- The Washington Times - Monday, September 22, 2008

It’s a sign of how strange this election year is when a Virginia politician is sent to get West Virginia Democrats fired up for their party’s presidential nominee.

Virginia has not given its electoral votes to a Democrat since 1964, while West Virginia voted for Democrats Hubert Humphrey, Jimmy Carter (twice) and Michael S. Dukakis, among others.

Yet this year, Virginia, once rock-solid Republican, is teetering between Sen. Barack Obama, Illinois Democrat, and Republican Sen. John McCain, Arizona Republican, while West Virginia is seen as a sure thing for the Republicans.

At the annual Jefferson-Jackson fundraiser Saturday night in Charleston, W.Va., Virginia Gov. Tim Kaine, Democrat and national co-chairman of the Obama campaign, came to try to help sell his candidate to a state once taken for granted by Democrats.

“Democrats have to show we know how to solve problems, and we have to stick together,” he told the crowd of politicians and party regulars.

Despite the enthusiasm, Mr. Obama is unlikely to win in West Virginia over Mr. McCain.

The party has a large advantage in voter registration and political representation - including control of both legislative houses and the governor’s mansion. And of the five West Virginians in Congress, just one is a Republican. However, Mr. Obama lost in the May 13 Democratic primary by a margin of more than 2-to-1 to Sen. Hillary Rodham Clinton.

As in other states, Mr. Obama has struggled to win over white, blue-collar voters. And Mr. McCain is seen as the clear favorite in West Virginia.

While in West Virginia, Mr. Kaine stressed the importance of a unified ticket from the county level to the presidential race as the key to his party’s recent successes in Virginia: successive Democratic governors, one Democratic senator and a Democratic retaking of the state Senate.

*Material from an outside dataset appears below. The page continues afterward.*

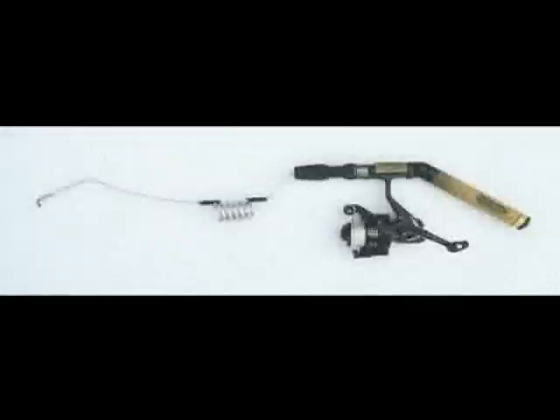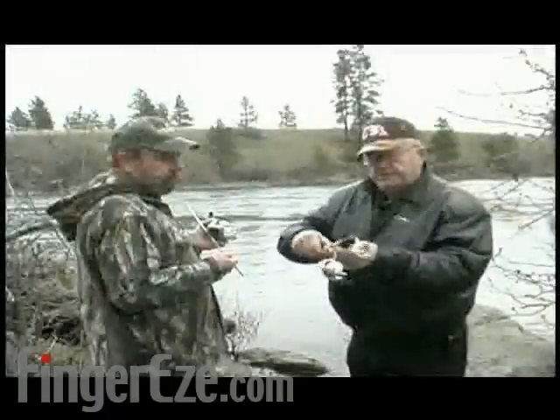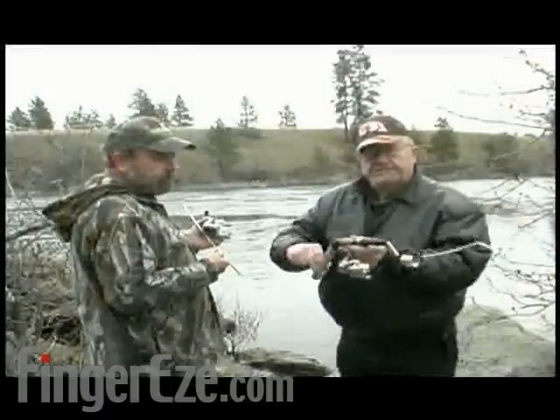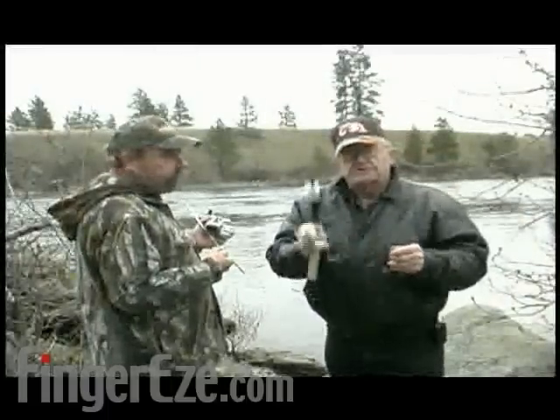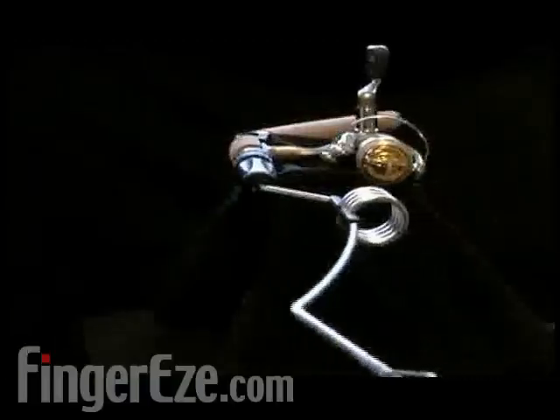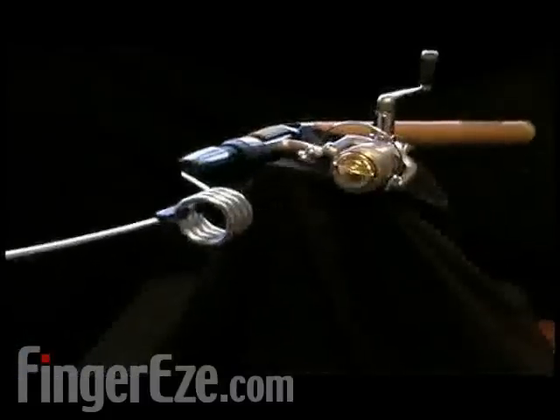M-Rod's Mountaineer system is a compact articulating spinning rod. It features a fully adjustable comfort fit cork handle that allows the angler to set the handle to the most comfortable position for fishing. Measuring 24 inches in assembled length, it breaks down to just 14 inches for easy carrying and storage.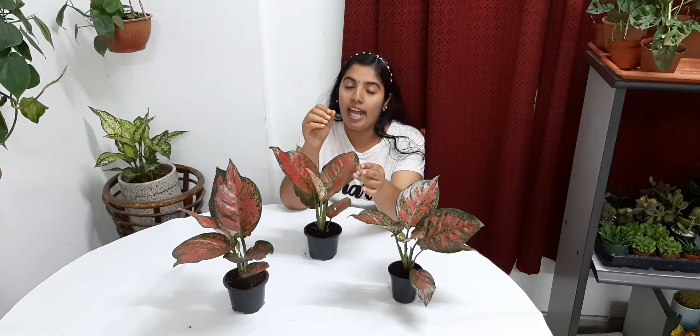Regarding problems, Aglaonema plant can get root rot due to overwatering — the leaf becomes yellow and the plant will die. The second problem is leaf tips becoming brown and dry, which is due to underwatering, and sometimes due to low humidity.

“The reason we’re winning seats in Virginia is that we’re showing people we know how to solve problems,” he said. “Democrats know how to govern, folks.”

Mr. Obama and Mr. McCain are running neck and neck in Virginia. The state’s importance to the Obama campaign is underlined by the three visits there since June by either Mr. Obama or his running mate, Sen. Joseph R. Biden Jr.

Mr. Biden, in fact, visited Virginia earlier on Saturday.

By contrast, Mr. Obama has not come to West Virginia since the primary.

Mr. Kaine and high-ranking West Virginia Democrats, exhorted the crowd to embrace the party’s nominee in a kind of reverse coattail effect: by voting Democratic down the line, they’re hoping those votes will trickle up to the top of the ticket.

“We have been the party that basically the whole state puts its hopes in,” said Gov. Joe Manchin, a Democrat running for re-election this year against Russ Weeks, a Republican. “And we have been the party that’s delivered.”